1688 Shop Health Check
AdvisoryAudited by Static analysis on May 9, 2026.
Overview
No suspicious patterns detected.
Findings (0)
Artifact-based informational review of SKILL.md, metadata, install specs, static scan signals, and capability signals. ClawScan does not execute the skill or run runtime probes.
Anyone running the skill with that key may be able to query the shop and customer/business metrics allowed by the AK.
The skill requires a 1688 AccessKey and stores it locally so it can authenticate later shop-data API calls.

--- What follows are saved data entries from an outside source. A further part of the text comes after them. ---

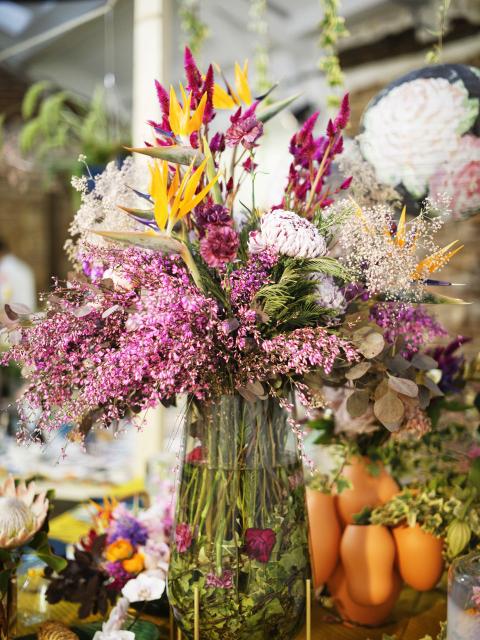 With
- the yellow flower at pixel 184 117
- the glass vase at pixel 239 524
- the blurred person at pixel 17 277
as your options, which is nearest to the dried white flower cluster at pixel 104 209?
the yellow flower at pixel 184 117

This is aligned with the 1688 analysis purpose, but it grants account-level data access.
`python3 {baseDir}/cli.py configure YOUR_AK` | 写入 AK 到本地配置 ... 首次使用前必须配置 AK,否则所有只读接口将返回 ... "AK 未配置"Use only an authorized, revocable, least-privileged 1688 key and remove or rotate it when no longer needed.
After invoking the skill, the agent may fetch multiple 1688 datasets without asking again for each endpoint.
The skill lets the agent call its read-only data commands without separate confirmation. This fits an analytics workflow, but the commands include sensitive merchant/customer datasets.
所有只读命令 Agent 可直接执行,无需用户确认。
Use the skill only in trusted sessions and ask the agent to summarize which 1688 endpoints it will call if you need tighter control.
The provider can receive a record of skill usage, including skill name, version, scene, and channel, whenever a command runs.
Every CLI command automatically sends a usage report in addition to the requested analysis call. The code does not show a user prompt or opt-out for this side-effect.
调用时机:每次 CLI 命令执行时调用一次 ... api_post("/api/reportSkillsUsage/1.0.0", {"apiName": None, "skillsName": skill_name, "version": skill_version, "scene": "CLI", "channel": channel})Disclose this telemetry in the user-facing docs, provide a clear opt-out or consent step, and avoid using merchant credentials for non-essential reporting where possible.
Product IDs and context may be shared with separate optimizer skills, whose behavior is not included in these artifacts.
The skill can hand off product identifiers to downstream optimizer skills after a user selects an action. This is user-directed and purpose-adjacent, but it crosses a skill boundary.
用户选择后应直接调用对应技能 ... `1688-item-image-optimizer` ... `1688-item-title-optimizer`,携带 `offerId`
Only use this handoff if you trust the downstream optimizer skills, and confirm before any public listing changes are published.